[[ Provided records open ]]

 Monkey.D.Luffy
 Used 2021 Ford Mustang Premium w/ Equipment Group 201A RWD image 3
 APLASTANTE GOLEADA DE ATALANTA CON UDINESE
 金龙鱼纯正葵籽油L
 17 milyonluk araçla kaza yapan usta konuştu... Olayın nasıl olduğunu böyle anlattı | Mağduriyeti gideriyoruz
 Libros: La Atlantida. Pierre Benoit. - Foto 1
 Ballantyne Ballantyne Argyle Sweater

[[ Provided records closed ]]
[[ Provided records open ]]

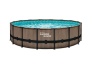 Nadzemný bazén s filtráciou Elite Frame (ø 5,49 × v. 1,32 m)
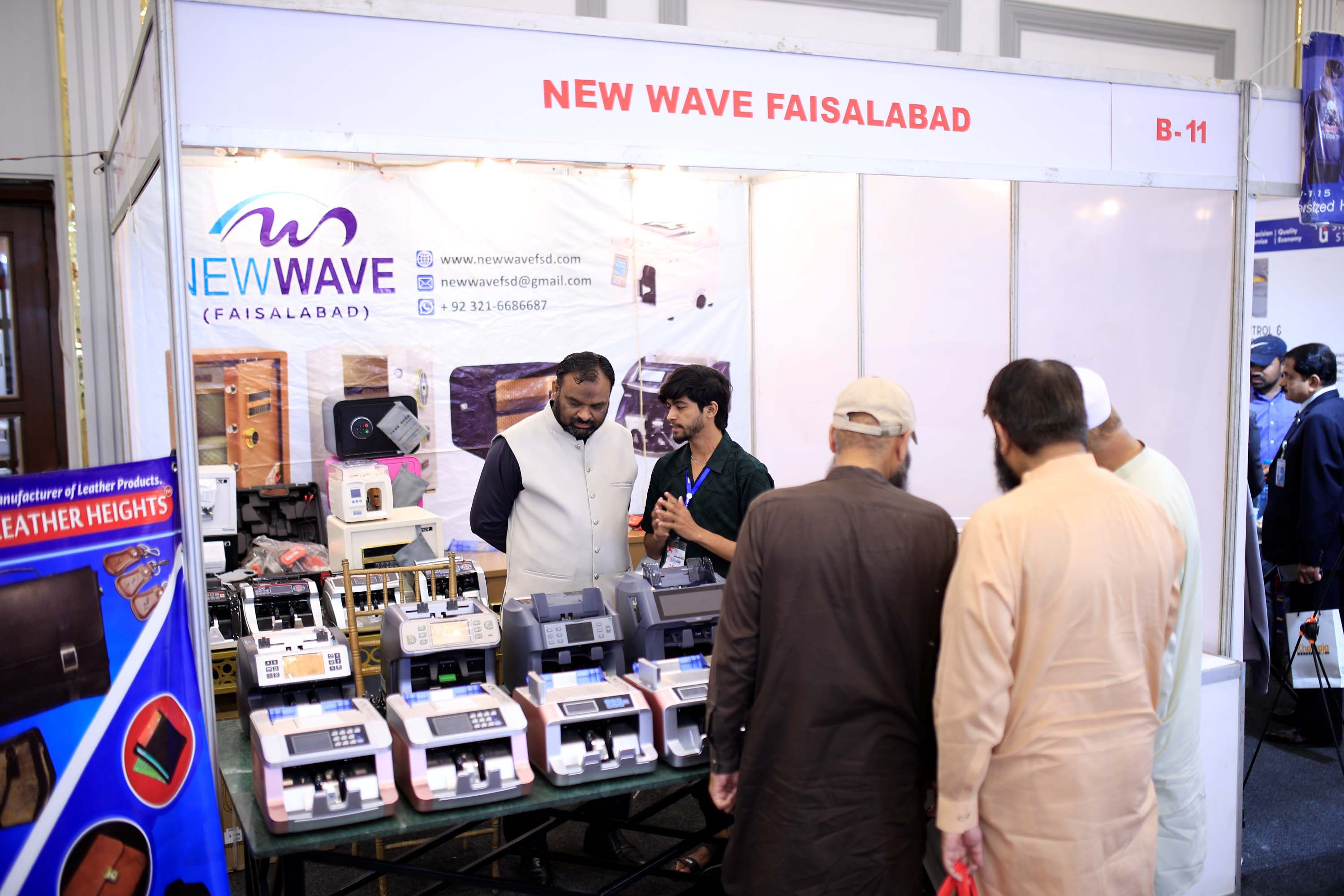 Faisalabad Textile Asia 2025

[[ Provided records closed ]]

- _Exercise requirements_
Only one stretch of the data above is needed. Restate it word for word, from the line containing "17 milyonluk araçla" through the line containing "Ballantyne Ballantyne Argyle Sweater", both ends included.

- _Worked solution_
 17 milyonluk araçla kaza yapan usta konuştu... Olayın nasıl olduğunu böyle anlattı | Mağduriyeti gideriyoruz
 Libros: La Atlantida. Pierre Benoit. - Foto 1
 Ballantyne Ballantyne Argyle Sweater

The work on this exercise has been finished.